Every event, big or small, is the outcome of multiple reasons and then itself becomes a cause for several subsequent events. The Arab Spring is one such event. It was a spontaneous uprising of the public against the bad governance of modern Middle Eastern countries in the first half of the 21st century. Its spontaneity and severity may have surprised a few people, but it had been in the making for a long time.

Besides discussing its causes, long-term as well as short-term, structural as well as managerial, this essay highlights a few lessons that we can learn from the Arab Spring for effective policy formulation.

Introduction

Every event, big or small, is the outcome of multiple reasons and then itself becomes a cause for several subsequent events. The Arab Spring, a spontaneous uprising of the public against the bad governance of modern Middle Eastern countries in the first half of the 21st century, was one such event. It started in Tunisia, where a 26-year-old street vendor named Abu Bouazizi committed suicide to protest the highhandedness of a petty government official who had insulted him and seized his business goods. However, it soon engulfed the entire country in violent demonstrations against the government.

The immediate result of the Arab Spring was the regime change and subsequent transformation of the governance style in Tunisia, leading to the advent of democratic reforms in the country. Its success led to its copycat replication in Egypt, where it also resulted in the toppling of the two-decade-old corrupt dictatorship of Hosni Mubarak. Elections held on an adult franchise basis resulted in the coming into power of the Muslim Brotherhood, a far-right Islamic movement. The Muslim Brotherhood government was later thrown out by the army in a coup d’etat that had much popular support but resulted in a regime that is no less authoritarian than Mubarak’s.

However, it failed to achieve similar results in other Arab countries, for one reason or another. Western intelligence agencies then took charge of these movements in Libya and Syria, while in other ME countries, they were ruthlessly suppressed. It is really unfortunate to observe how a largely peaceful development, which inspired millions around the world, fizzled out with a whimper in the end. Rather, it contributed to the situation obtaining in the Middle East today: internationalized civil wars in both Syria and Yemen, the rise of the Islamic State, authoritarian rule in Egypt, the collapse of the central government in Libya, and migrants risking their lives and properties to flee to Europe?

Causes

Its spontaneity and severity may have surprised a few people, but it had been in the making for a long time. That vendor’s incident was just the tipping point for the start of the Arab Spring. History is replete with such events, which started with small events but were in the making for a long time. French and American Revolutions, First World War, 1857 Indian War of Independence, etc. All these events started as small, insignificant events but soon developed into mass uprisings of the people against the governing elite of the day or initiated a global war. Similarly, there are several causes, long-term as well as short-term, structural as well as managerial, of the Arab Spring. Some of these are;

1. Demographic Changes

Like all other developing countries, most Middle Eastern nation-states are passing through the most crucial phase of their demographic transition. While the rate of childbirth is gradually falling in almost all countries due to long-term changes in social values and growing prosperity, the death rates are falling even more rapidly because of better health facilities. Consequently, their populations are growing at unsustainable rates, creating huge youth bulges. Concentrated in the urban centres, educated but unemployed young men and women are demanding jobs from their respective states, which are overstretched and hence under stress.

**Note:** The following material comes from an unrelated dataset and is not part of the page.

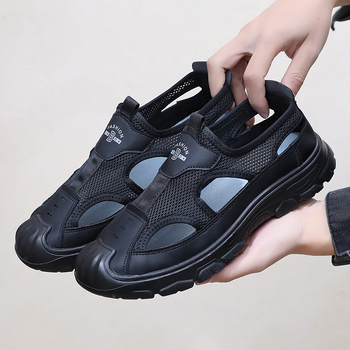 Meeste hingavad võrgust sandaalid tööläbu jaoks, slip-on disain, ümmargune varvas, PVC talla, madal kand 1–3 cm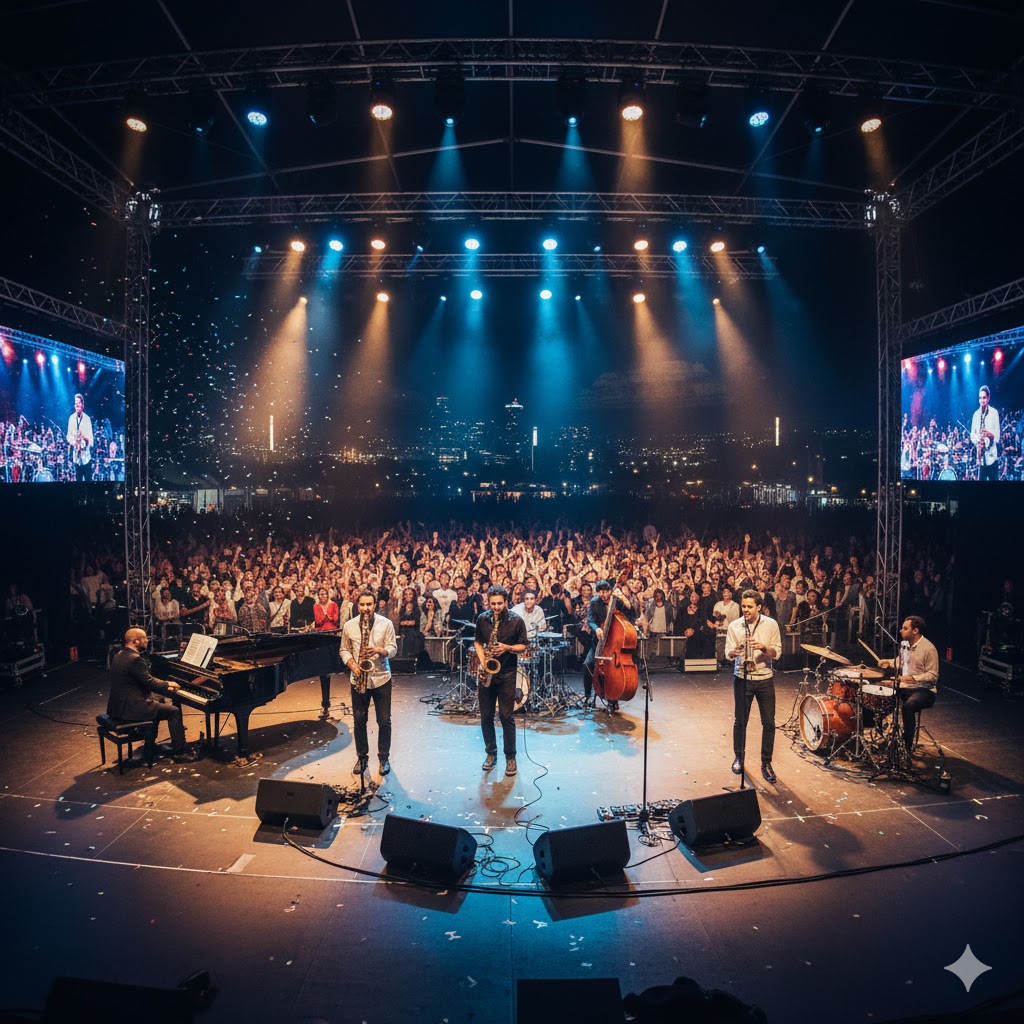 Jazz band performing under lights at Cape Town Jazz Festival 2026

2. Revolution of Rising Expectations

Modernization, which always accompanies industrialization, has brought fundamental changes in the attitudes and behaviour of citizens all over the world. Once set in motion, modernization becomes a self-reinforcing process, penetrating all aspects of life and bringing multi-dimensional changes in any society. These changes, in turn, transform social life and political institutions, bringing rising mass participation in politics in the long run. Consequently, people are now demanding a greater say in public affairs, an open government, transparency in public dealings, and an accountable and responsible executive. There is a sort of dysfunctionality in traditional state-society relations; every successive generation of citizens expects far more than their parents expected from the political leaders and government servants in terms of service delivery.

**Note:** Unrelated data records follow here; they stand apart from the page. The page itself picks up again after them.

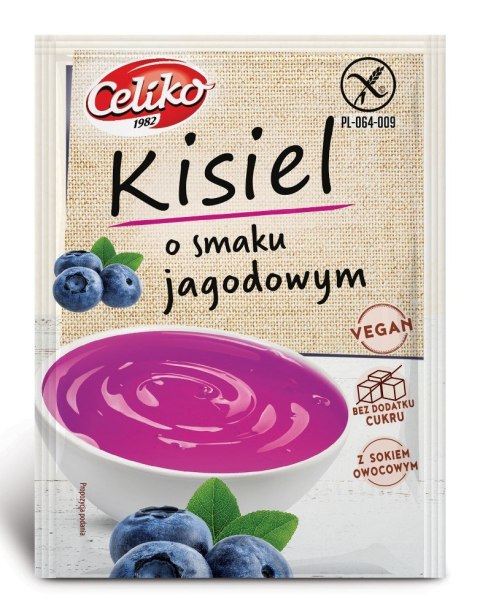 KISIEL O SMAKU JAGODOWYM BEZ DODATKU CUKRU BEZGLUTENOWY 40 g - CELIKO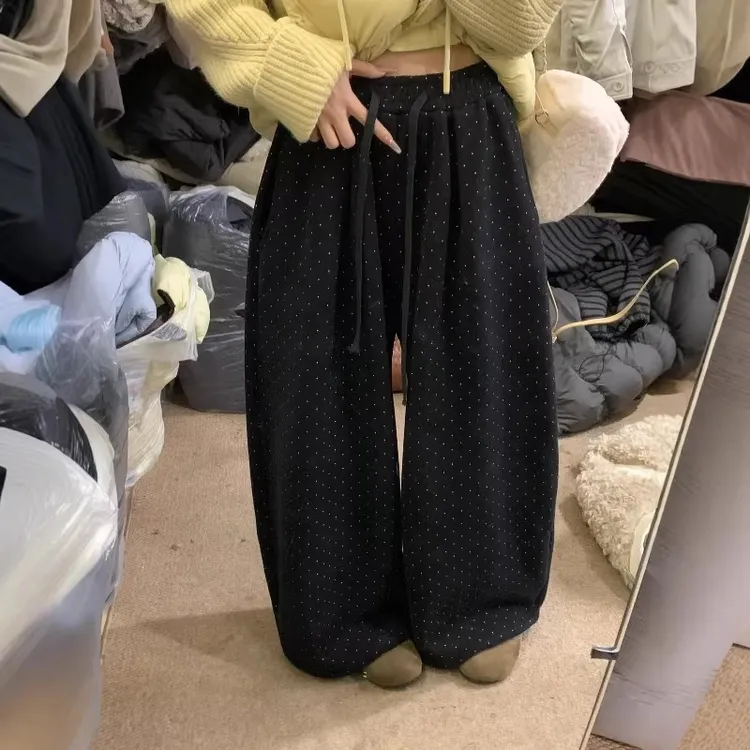 胖妹妹200斤大码波点加绒加厚运动卫裤女秋冬宽松休闲直筒阔腿裤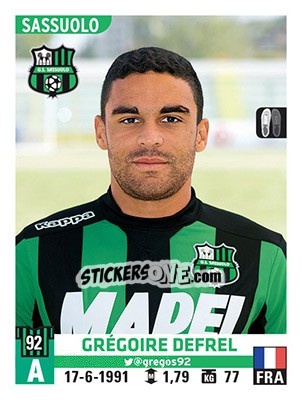 Cromo Grégoire Defrel - Calciatori 2015-2016 - Panini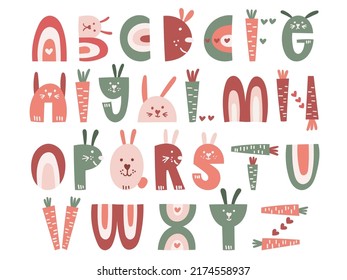 Bunny Stylized Letter Set. Decorative Easter Alphabet Clip art. Vector illustration.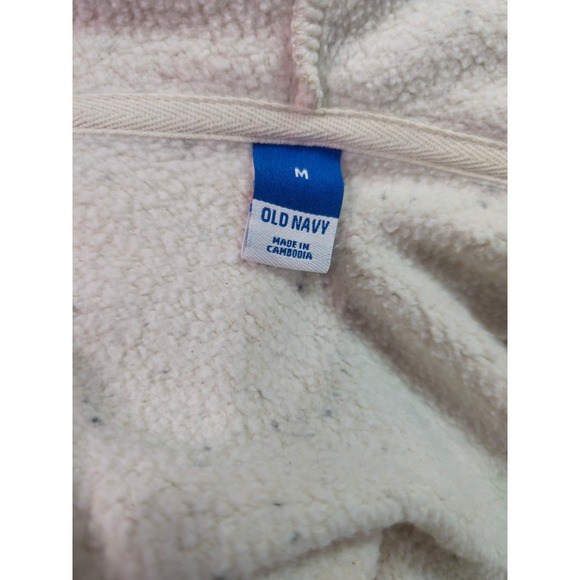 Old Navy Speckled Knit Zip Up Hoodie Sweatshirt Cream Oversized Size M - Picture 5 of 6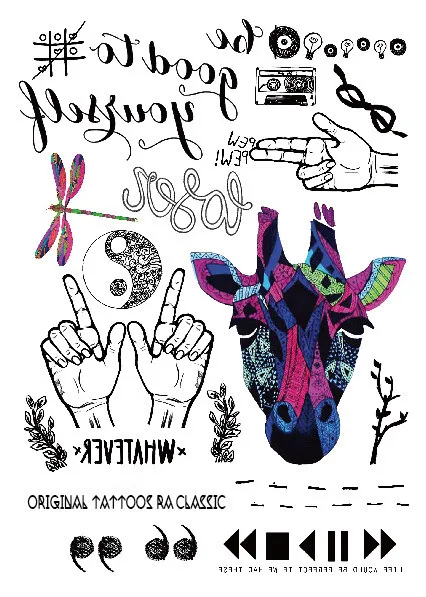Multi-style Fashion Cool Temporary Tattoo With Cow And Hand 21x15cm Multi-style Fashion Cool Temporary Tattoo With Cow And Hand 21x15cm
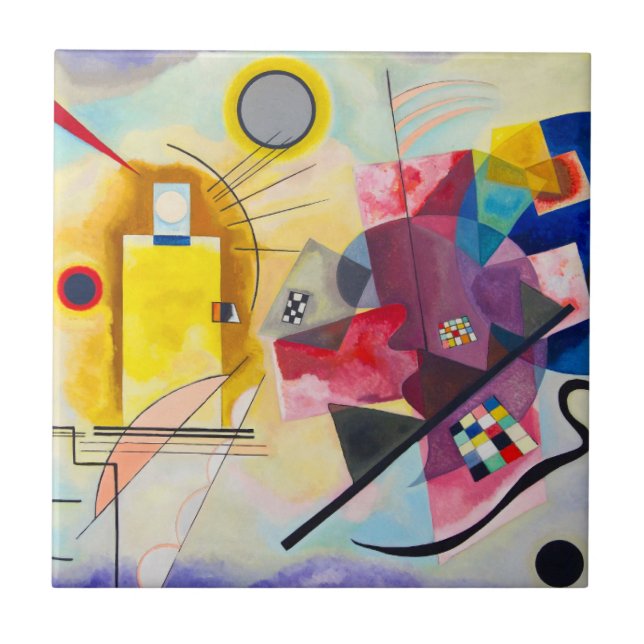 Azulejo De Cerâmica Kandinsky amarelo-vermelho-azul (Frente)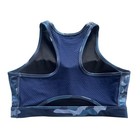 Nike Women s M Blue Camo Shine Swoosh Racerback Padded Medium Support Sports Bra
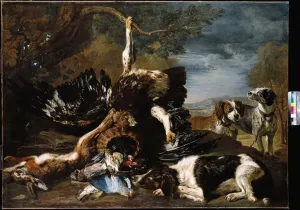 Blood Sport Prints: A Spaniel, an Eagle, a Hare and a Wicker Basket with a Jay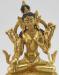 Fully Gold Gilded 9.5" Nepali White Tara Sculpture for Sale, 24K Gold Finish, Double Pedestal - Front Details
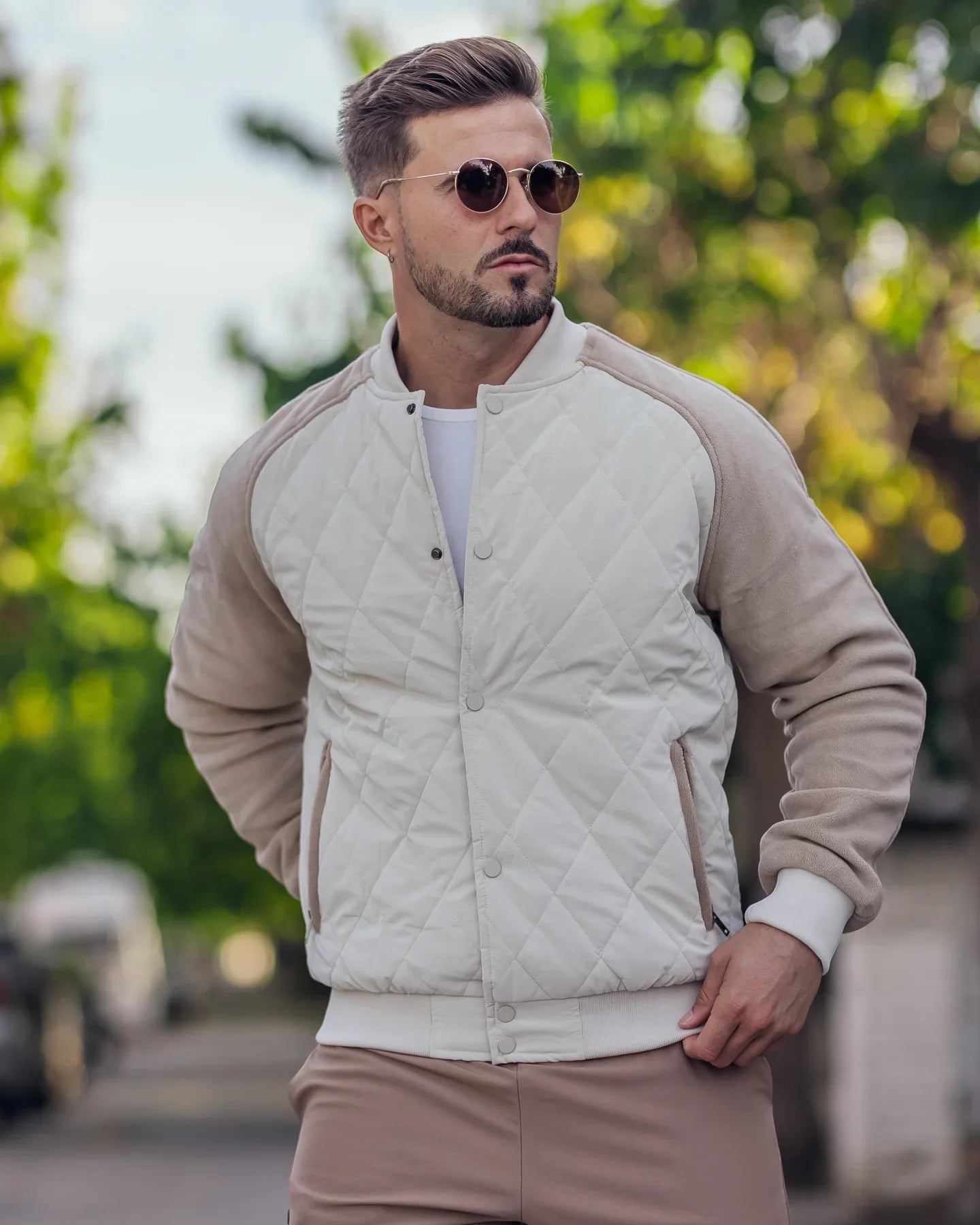 Ruben | Panelled Hybrid Bomberjacke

And they are not content with the peaceful expression of their resentment if the government fails to satisfy their demand; they could be violent. The speed and scale of electronic and social media have facilitated this trend of instant accountability for the state and made it that much easier to mobilize more citizens to respond. In this game of chess, the good intentions of the political elite and the public servants are not enough; they must be backed by effective service delivery and prompt redress of grievances.

3. Globalization and Social Media

Thanks to social and electronic media, small issues that a decade or so ago could only find a place on the back page of a national newspaper have become breaking news on major global channels, creating advocacy and sympathy movements in different parts of the world. This was particularly evident during the Arab Spring, which started with a small incident but swept country after country because of the ubiquity of social media. Maybe at another time, the Arab Spring could have been suppressed in its infancy.

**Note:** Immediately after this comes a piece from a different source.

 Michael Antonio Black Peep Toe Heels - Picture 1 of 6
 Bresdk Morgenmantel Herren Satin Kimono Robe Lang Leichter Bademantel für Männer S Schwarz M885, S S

A striking example of how this cyberspace activity created a revolutionary mood among the masses is illustrated by the case of 28-year-old Khaled Mohamed Said, who was beaten to death by Egyptian security forces in 2010. Photos of his disfigured corpse were distributed online, and a Facebook page entitled, “We are all Khaled Said,” created by a Google employee, resulted in hundreds of thousands of followers. Naqeebullah Mehsud’s case in Pakistan is another recent example.

4. Weak States/ Bad Governance

One of the fault lines of almost all the Middle Eastern countries except for Israel and Turkey is their ineffective state-building and the state itself. All their institutions-armed forces, judiciary, law enforcement, etc.—are dysfunctional, suffering from a capacity deficit and massive corruption. It has created crises of confidence among the people about their respective states. Unfortunately, the political establishment in most of the countries in the Middle East, historically governed by authoritarian elites, is not providing their populace with adequate channels of expression and empowerment. Consequently, these countries are increasingly witnessing outbursts of popular resentment against the status quo, which is then exploited by regional and global hegemons as well as non-state violent actors.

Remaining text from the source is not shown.